As the four readers of this esteemed blog will know, i’m always one to follow a trend. Of late, the trend has been for faster fatter tyres. In days of yore, there were two certainties to cycling and the ageing process: gear sizes would shrink, whilst tyre width would expand. Maybe there’s a metaphor for life in there somewhere.
Some years ago i took the plunge and opted for a 25mm tyre in winter. It felt like a bold step, sacrificing speed for comfort, pace for grip. In practice, I didn’t seem to make much difference; 2mm is not that noticeable. This winter I went big, busting out some 28mm rubber on both winter bikes. (n+1 applies to winter bikes as a genre). As a result, i’ve enjoyed an armchair ride, with low tyre pressures and a spongy experience. I can’t say I’ve enjoyed it. After years of feeling every undulation in the road surface, the sense of float takes some getting used to.

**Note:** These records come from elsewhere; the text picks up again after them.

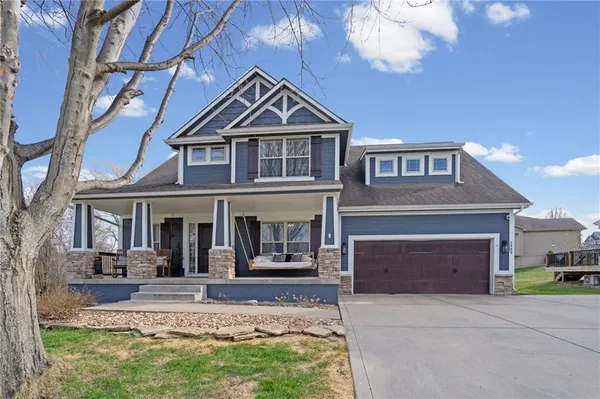 $525,000 | 1303 Ashdown Circle, Raymore, MO 64083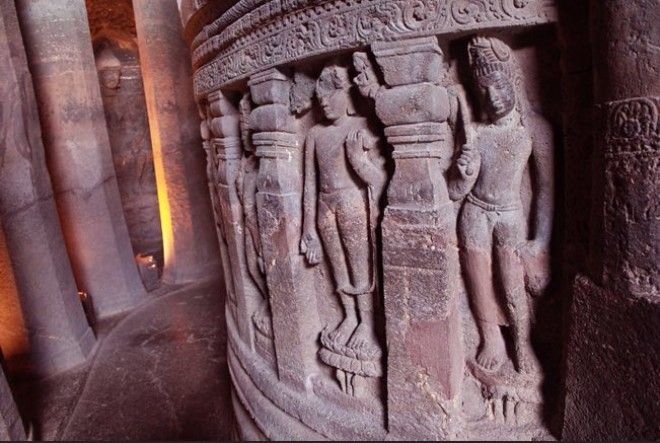 Мужчина преследуя тигра нашел пещеру от вида которой он замер на месте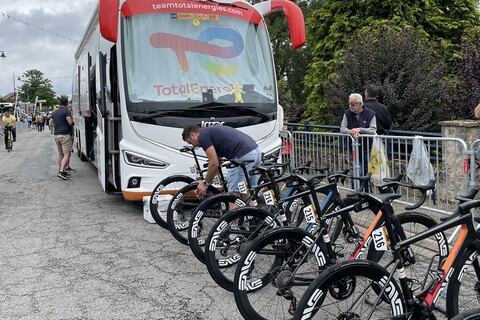 ¡Botín millonario! Equipo del Tour de Francia sufre robo de bicicletas y materiales
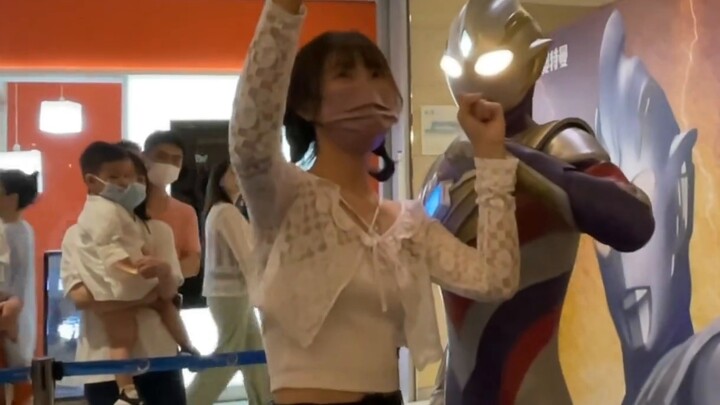 I gave him a bouquet of white roses at the Trija meet and greet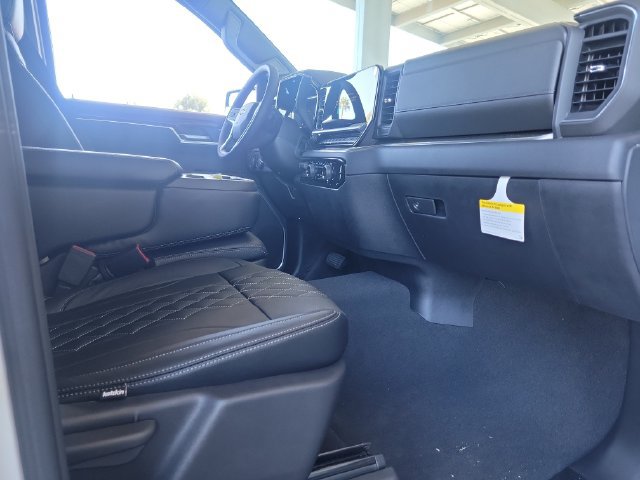New 2026 Chevrolet Silverado 1500 LT w/ LPO, Dark Essentials Package AWD/4WD image 17
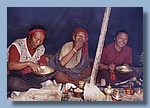 Dolpopas essen mit den Fingern außer dem feinen Herrn Nyima Lama, der öfters in Taiwan weil.jpg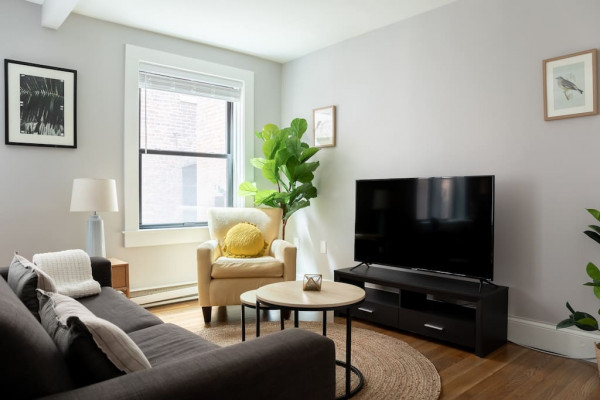W4-Cozy 1br/ Walk anywhere/Fast Wifi & Smart Lock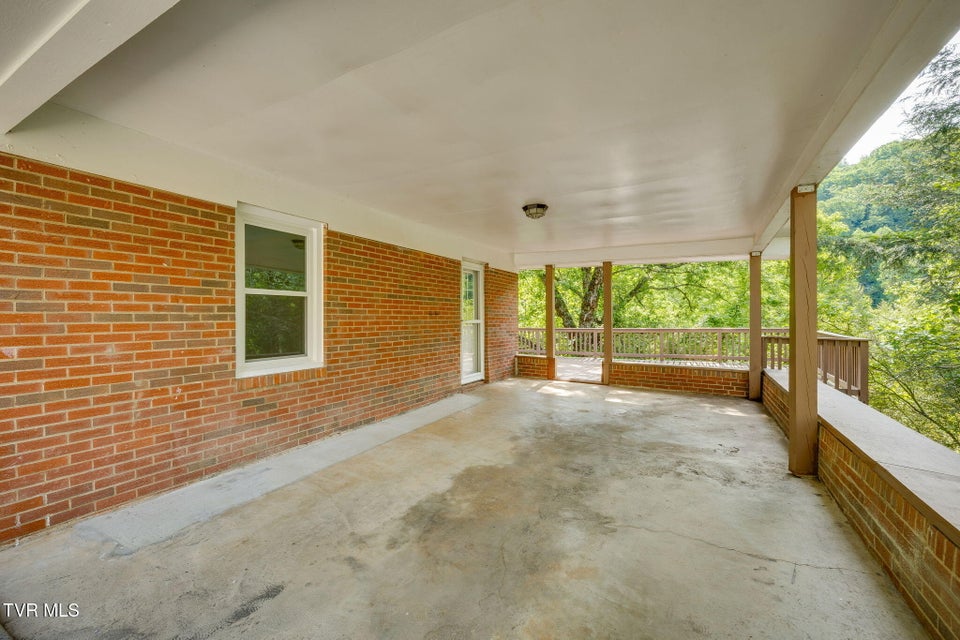 Photo #3: 112 Borderview Avenue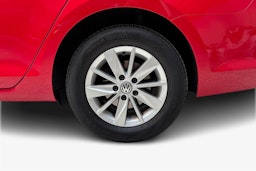 punainen Volkswagen Golf 2014 kuva 11.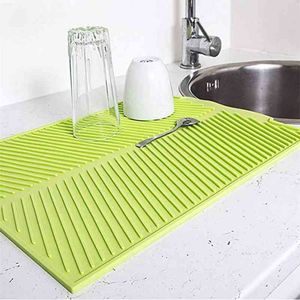 Retângulo Silicone Prato de Silicone Esteira Premium Resistente ao Calor de Louça de Louça de Tabela De Mesa De Mesa De Mesa Louça De Massa Placemat Mat Prato De Cozinha 210706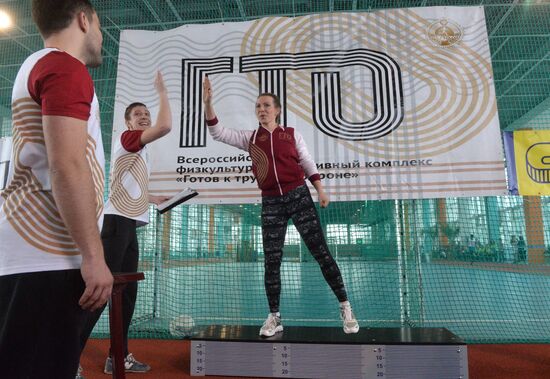 TV hostess Yana Churikova passes national physical fitness requirements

Allegedly, 25mm+ is the current choice of the peloton, for all sorts of pseudo-scientific, lab-tested reasons. The arguments are unproven and the lab rarely translates into real-world performance. It seems as though there is no real change in what was previously suspected; if you want comfort, go big, if you want a bit of zing, go narrow. What I do know is that the vittoria rubino pro tech 28s i’ve been using are flabby and particularly big, making it difficult to get them under the mudguard. They limit gear changes on a fixed wheel because you have no tolerance for moving the wheel in, and with tight mudguard clearances comes a host of irritating problems: wheel rub, noises, filth and clag, the lot. More that that, this particular set of tyres have cut up extremely quickly; from having no punctures at all for years and years, i’ve had three in short succession on about 700 miles of use, one of which needed a boot to cope with the slashed sidewall. the rubino pro techs are now in the bin.
In short, it’s back to the 25mm maximum for me and a nagging sense that the trend for bigger tyres and wider profile rims is entirely down to the bike industry’s constant need to sell us new things. Watch out for the next big thing: narrow tyres.